The NDB used in this study was derived from 18 Aβ-negative subjects including 2 AD patients, 6 MCI subjects, and 10 NC subjects. We confirmed that mcSUVR for each subject was smaller than 1.45 (Table 2). However, some MCI subjects showed somewhat higher maximum SUVR values compared with those of the NC subjects. These discrete high uptakes could affect the sensitivity of the Z-score mapping. If there are large datasets of NC subjects, it would be better to construct the NDB with only NC subjects.

In this study, voxel-based statistical analysis was successfully applied to a large dataset acquired with various PET scanners (Table 1). These results suggest that the proposed method would not be sensitive to the variability between PET scanners. As mentioned in the methods, before scanning the first subject, image resolutions of all PET scanners were harmonized by the Hoffman phantom test. This process might have effectively worked to minimize the difference between scanners. The NDB may be shareable if an appropriate reconstruction parameter is used so that the PET image resolution was 8 mm FWHM or better [25].

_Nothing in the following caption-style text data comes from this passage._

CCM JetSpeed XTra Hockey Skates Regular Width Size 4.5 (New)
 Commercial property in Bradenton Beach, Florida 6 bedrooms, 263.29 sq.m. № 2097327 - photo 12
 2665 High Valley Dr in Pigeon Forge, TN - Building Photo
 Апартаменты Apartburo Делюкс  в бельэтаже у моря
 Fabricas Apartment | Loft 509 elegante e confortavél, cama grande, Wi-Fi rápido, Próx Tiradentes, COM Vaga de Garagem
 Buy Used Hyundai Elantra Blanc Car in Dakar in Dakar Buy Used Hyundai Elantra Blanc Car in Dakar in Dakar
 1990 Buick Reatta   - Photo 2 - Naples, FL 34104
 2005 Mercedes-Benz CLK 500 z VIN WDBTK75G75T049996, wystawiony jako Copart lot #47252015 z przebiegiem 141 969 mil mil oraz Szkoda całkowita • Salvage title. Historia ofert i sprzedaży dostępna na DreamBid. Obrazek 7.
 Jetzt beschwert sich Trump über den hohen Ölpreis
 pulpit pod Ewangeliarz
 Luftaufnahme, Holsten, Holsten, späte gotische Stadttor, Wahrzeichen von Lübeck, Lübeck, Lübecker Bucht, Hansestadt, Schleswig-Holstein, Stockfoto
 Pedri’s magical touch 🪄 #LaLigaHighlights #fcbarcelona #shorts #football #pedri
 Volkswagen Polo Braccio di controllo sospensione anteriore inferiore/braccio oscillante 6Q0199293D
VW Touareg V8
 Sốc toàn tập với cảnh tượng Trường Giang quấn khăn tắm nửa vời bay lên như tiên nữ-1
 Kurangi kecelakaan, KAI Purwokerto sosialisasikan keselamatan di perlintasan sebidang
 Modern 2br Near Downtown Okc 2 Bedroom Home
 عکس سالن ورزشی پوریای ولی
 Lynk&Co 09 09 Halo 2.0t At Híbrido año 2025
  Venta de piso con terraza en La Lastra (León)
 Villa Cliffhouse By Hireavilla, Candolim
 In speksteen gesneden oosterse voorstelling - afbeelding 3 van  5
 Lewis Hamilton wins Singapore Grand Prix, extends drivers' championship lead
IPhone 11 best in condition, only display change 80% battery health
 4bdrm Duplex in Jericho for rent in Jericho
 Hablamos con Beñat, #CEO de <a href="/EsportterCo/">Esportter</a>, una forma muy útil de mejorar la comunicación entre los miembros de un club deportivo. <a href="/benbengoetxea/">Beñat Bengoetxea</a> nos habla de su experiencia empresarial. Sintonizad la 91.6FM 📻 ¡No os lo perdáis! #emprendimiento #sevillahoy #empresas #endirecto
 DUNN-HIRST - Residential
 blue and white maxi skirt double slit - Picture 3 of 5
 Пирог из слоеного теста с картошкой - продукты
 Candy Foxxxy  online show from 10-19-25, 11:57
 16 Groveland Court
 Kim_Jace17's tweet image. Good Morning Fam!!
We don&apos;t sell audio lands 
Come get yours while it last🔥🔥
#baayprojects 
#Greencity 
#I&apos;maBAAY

There are some limitations to this study. Firstly, the smoothing process and the parameters in creating the Z-score map have not been optimized. While the Z-score map was processed with a Gaussian smoothing filter of 8 mm FWHM, there is room for improvement in this point. Secondly, we used the PET-based spatial normalization method and the EPP-ROI template that we had proposed [23]. However, this approach may not completely eliminate contamination from white matter. When subjects have undergone MRI scans, MR-based spatial normalization and individual neocortical ROI would be less susceptible to contamination from the white matter. The white matter contamination might also affect the quantified value of cerebellar cortex in a different way. Thirdly, the Z-sum value largely depends on the number of calculation voxels. Z-sum was calculated by summing the voxel values within the EPP-ROI that were in the standard MNI space [23]. If we use a different ROI template and/or a different standard space [30], the appropriate threshold would likely be different. Lastly, we applied the proposed analysis only for 11C-PiB PET with the cerebellar cortex as the reference region. Our approach may be applicable to other amyloid or tau tracers [33, 34] but should be performed with a tracer-specific template, reference region, and database.

Conclusions

We established voxel-based statistical analysis for amyloid PET and evaluated its feasibility using the J-ADNI datasets. The voxel-based analysis provides an objective Z-score map and a quantitative Z-sum value for each subject. These are helpful as an adjunct to visual interpretation, especially for cases with mild or limited regional Aβ accumulation. This approach could improve the Aβ detection sensitivity, reduce inter-reader variability, and allow for detailed monitoring of Aβ deposition.